The Minister of Education, Mallam Adamu Adamu, who made the remark at the formal presentation of Sexual Harassment Policy Document by the University of Port Harcourt (UNIPORT) on Tuesday urged female students to stop going to lecturers unnecessarily.

The unveiling of the document followed the recent British Broadcasting Corporation (BBC) sex-for-grades investigation report on some African universities.

Adamu, represented by Mrs Ijeoma Duru, an Assistant Director, Tertiary Education Department in the Ministry, urged students to take their studies seriously to avoid undue exposure to sexual predators.

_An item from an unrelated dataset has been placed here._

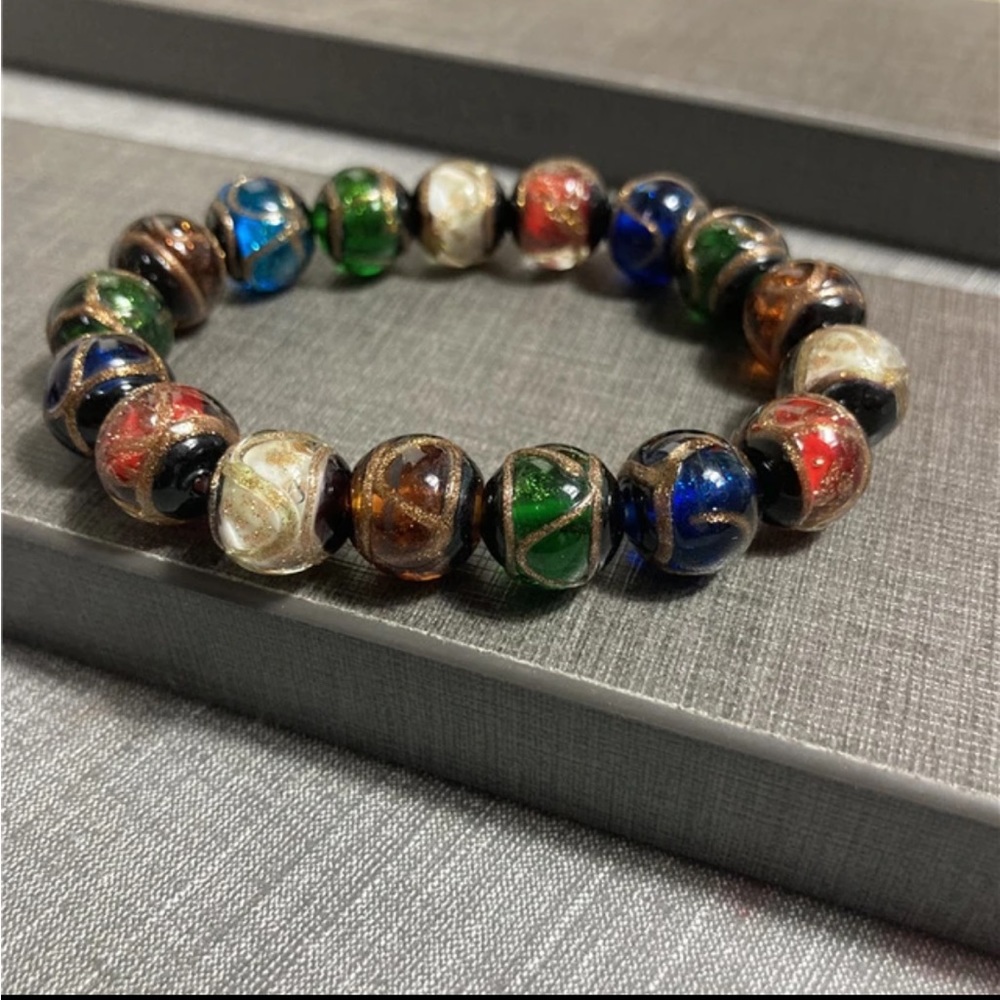 Glass bead bracelet made from ashes from Lama Temple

“The Federal Ministry of Education is embarrassed with the allegations of sex-for-grades in Nigeria’s higher institutions.

“Girls should read their books and be able to defend their certificates and as such, make them less vulnerable to sexual predators.

“They (female students) should stop going to lecturers unnecessarily and also should not harass their lecturers,” NAN quoted him as saying.

The minister added that UNIPORT was the first university in the country to unveil a policy document against sexual harassment on campus.

According to him, the policy will go a long way in addressing the danger of sexual harassment in institutions of learning.

Also speaking, the Vice-Chancellor of UNIPORT, Prof. Ndowa Lale, also stated that the university frowned at sexual misconduct and was taking actionable steps to tackle the menace.

He said the document defined the rules of engagement between lecturers, administrators and students, including visitors to the university.

“The document unambiguously defines what constitutes sexual harassment and the sanctions to be taken against those who wittingly and unwittingly infringe on its provisions in the line of duty.

“Henceforth, lecturers and administrators who do not remember to sow zippers in front of their trousers should be ready to bear the consequences of their amorous liaison with female students.

“Also, students who harass lecturers to award them undeserved grades should equally be ready to face the music if and when they are caught in the act of self-advertisement to their lecturers.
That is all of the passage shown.